# Your goal:
Every line between the one containing "Blue Mystical Eye" and the last line of the data, both included, is to be set down exactly, and pictures are to be omitted.

# Recorded information:
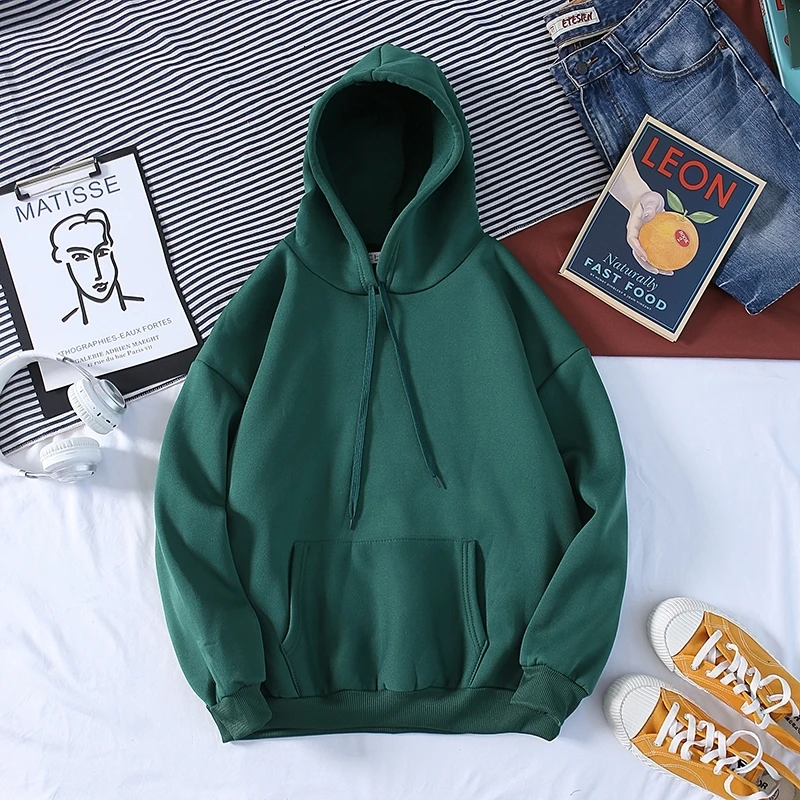 Autumn New Plus Hoodies Men Fashion Solid Color Casual Hooded Sweatshirt Mens Streetwear Wild Hip Hop Hoodie Men's Hoody M-3XL - Цвет: green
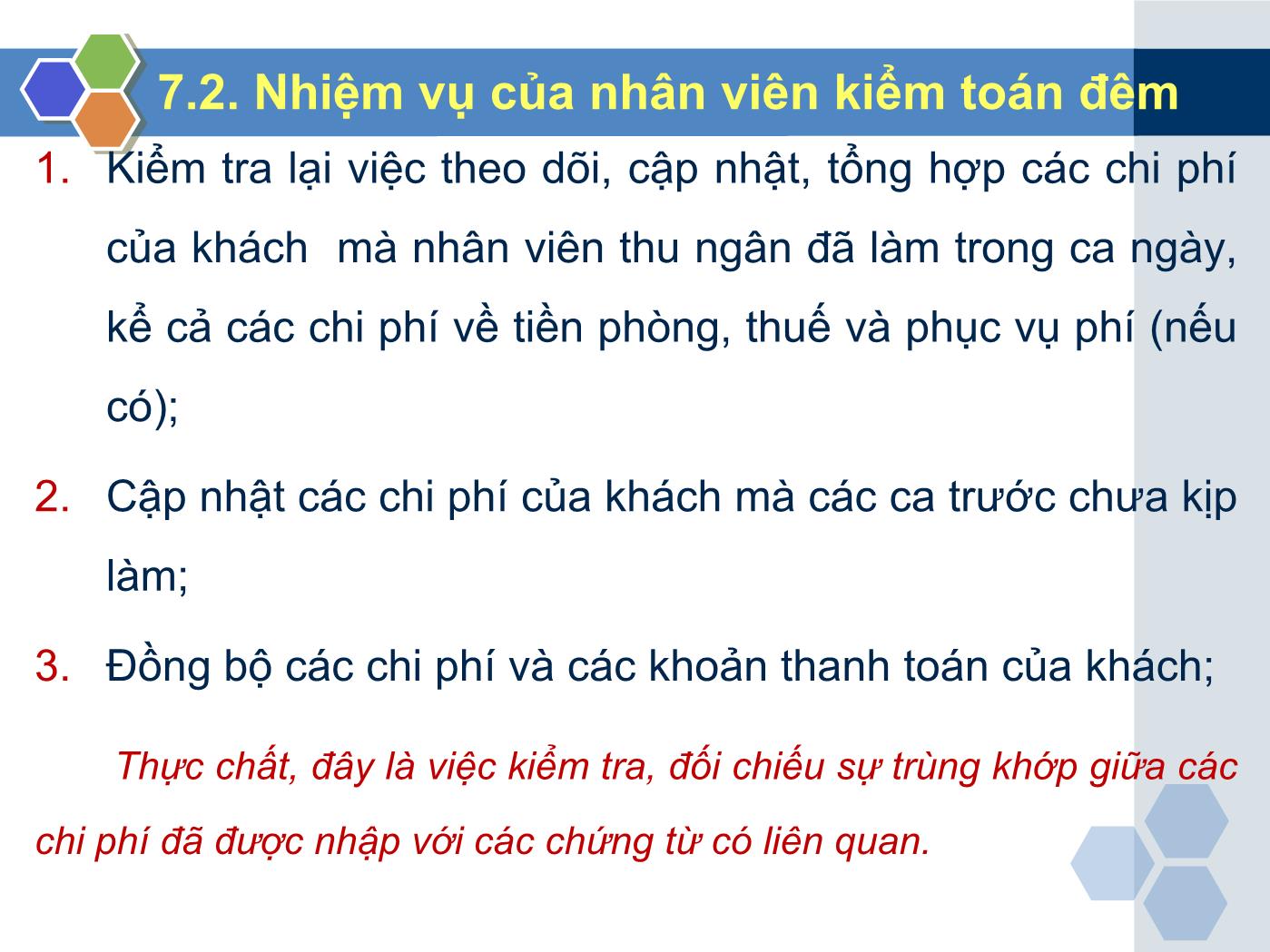 Bài giảng Nghiệp vụ lễ tân - Chương 7: Kiểm toán đêm - Trần Đình Thắng trang 6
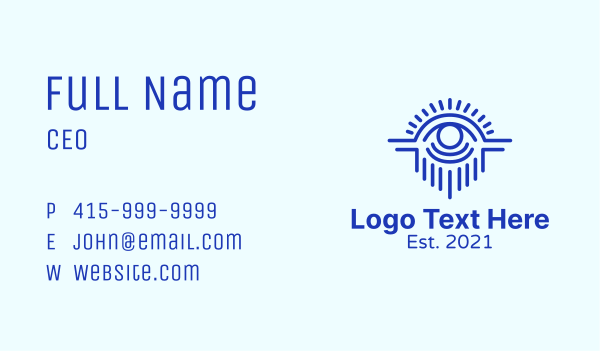 Blue Mystical Eye  Business Card Design Image Preview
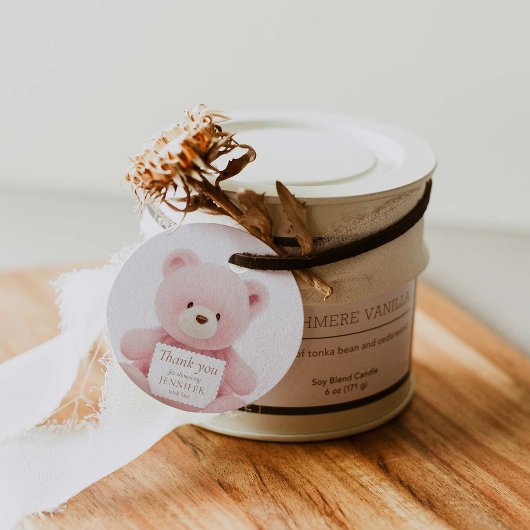 Merci d'ours rose Favoriser les étiquettes cadeaux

# Solution for this problem:
 Blue Mystical Eye  Business Card Design Image Preview
 Merci d'ours rose Favoriser les étiquettes cadeaux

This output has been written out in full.